Monday, January 18, 2010

Retrospective: Automatic For The People

Back in December I found myself driving a biggish Vauxhall Insignia, basically because we felt we needed a big car for all our luggage. In the event we were later able to manage with a smaller Kia Soul, a car I much preferred driving. Not that there was anything wrong with the Insignia in terms of its handling. Both cars were easy to drive in that respect - and it was nice to get back to driving using manual gears, much as I enjoy the ease of the automatic Toyota Axio I drive over here. (Basically we have an automatic to reduce the strain on my back in heavy traffic.) But what I'm leading up to is the irritation the Insignia engendered as a result of all the pointless bells and whistles on board.
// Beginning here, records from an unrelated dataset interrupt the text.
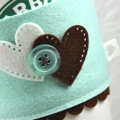 Coffee Cozy details
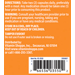 Directions for The Vitamin Shoppe Activated Charcoal Capsules 520 MG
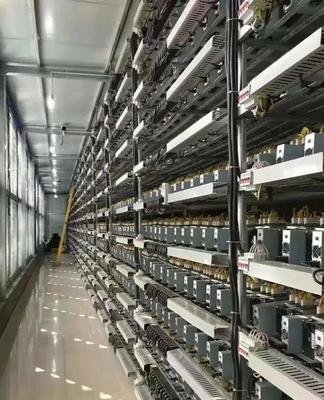 Kenya Mining Farm Operations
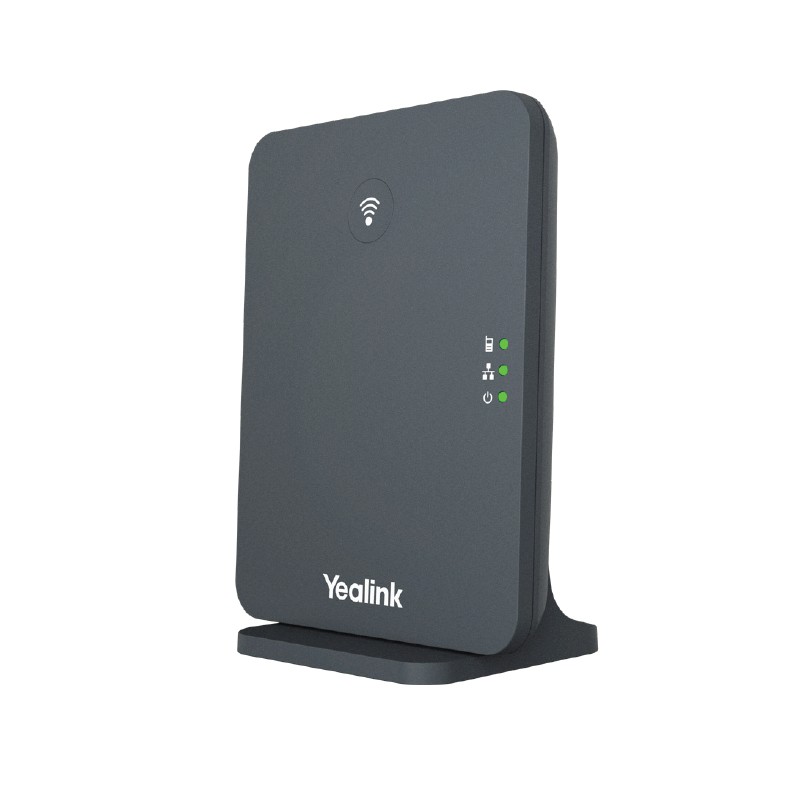 Yealink W70B station de base DECT Gris | JDB-Info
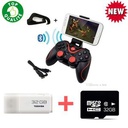 Manette De Jeu Pour Smartphone & PC - Bluetooth + 1 Clé USB 32Gb Toshiba + Carte Mémoire 32GB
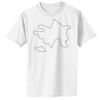 1-DAY RUSH NO MINIMUM Toddler Core Cotton Tee Thumbnail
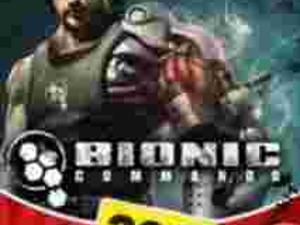 BIONIC COMMANDO PO PC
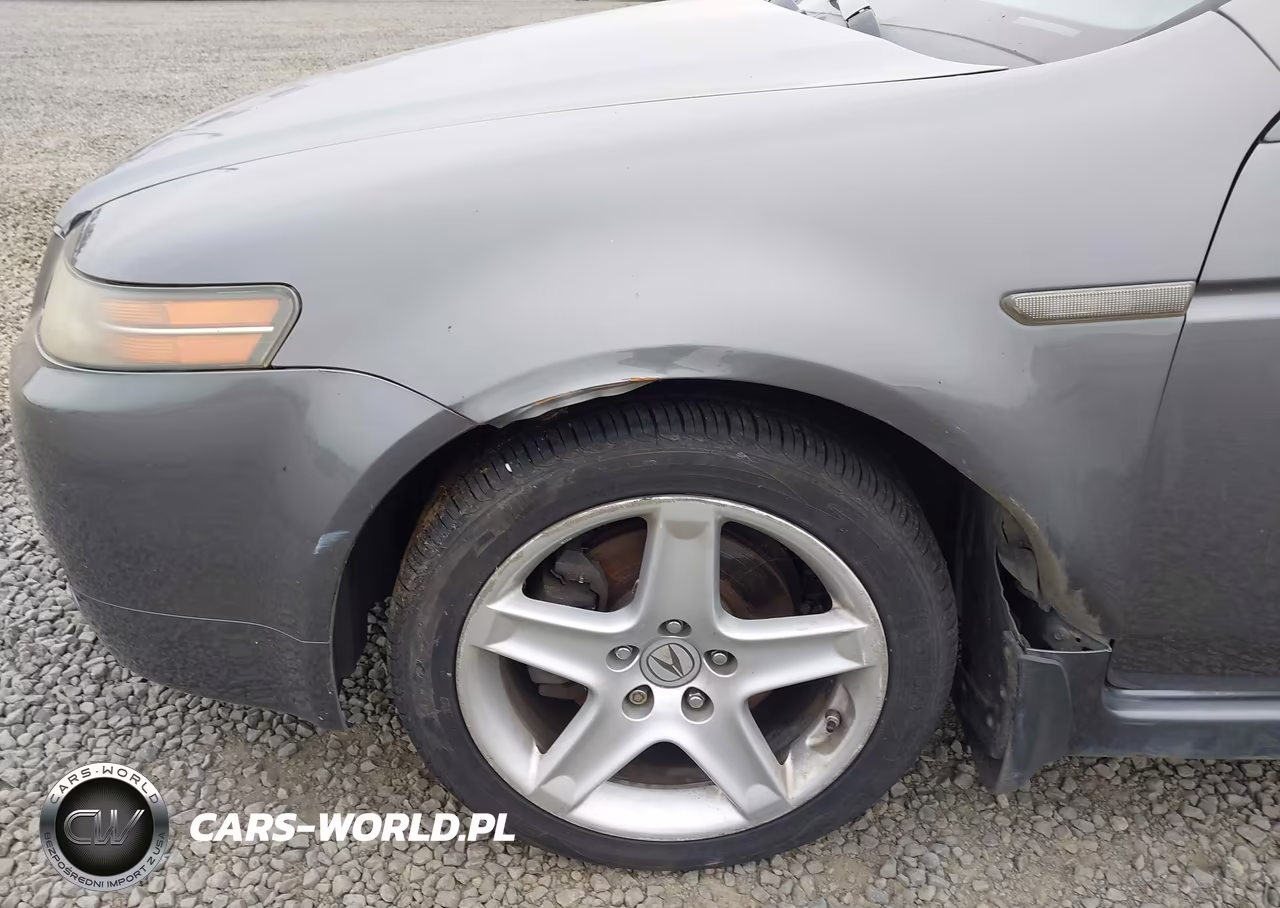 2006 Acura Tl VIN:19UUA66296A054492 - 12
In ten days of driving it I never got the hang of all the buttons to press on the dashboard. To take but one example: for some reason they now make cars with headlights that automatically turn on, whether you want them to or not. There's a way to stop this, but it's just one more thing to think about and press that you don't really need on your mind. And they've got rid of the trusty handbrake, replacing it with a little button that doesn't quite work as a handbrake used to. As far as I can figure out, you're supposed to trust the car to hold itself where it is on a hill, if you've employed the handbrake (or the funny little stand-in they supply) as you transfer your right foot from the footbrake to the accelerator. (Because the new-fangled brake-thingie won't release unless you've got your foot on the footbrake.) I checked this in the driver's manual and couldn't make any sense of the instructions. Anyway, I elected to hold the car on the clutch and avoid the dratted little switch as much as I could. Whose idea was it, I wonder, to get rid of the perfectly sane and serviceable brake that fitted the hand so neatly and usefully?

The greatest irony is that despite the vehicle being able to tell me about the outside temperature and my fuel consumption and the like, it couldn't spot a devious speed camera. The result: I've been summonsed for hitting a measly 37 mph in a 30 mph zone!! The injustice! I rest my case, your honour.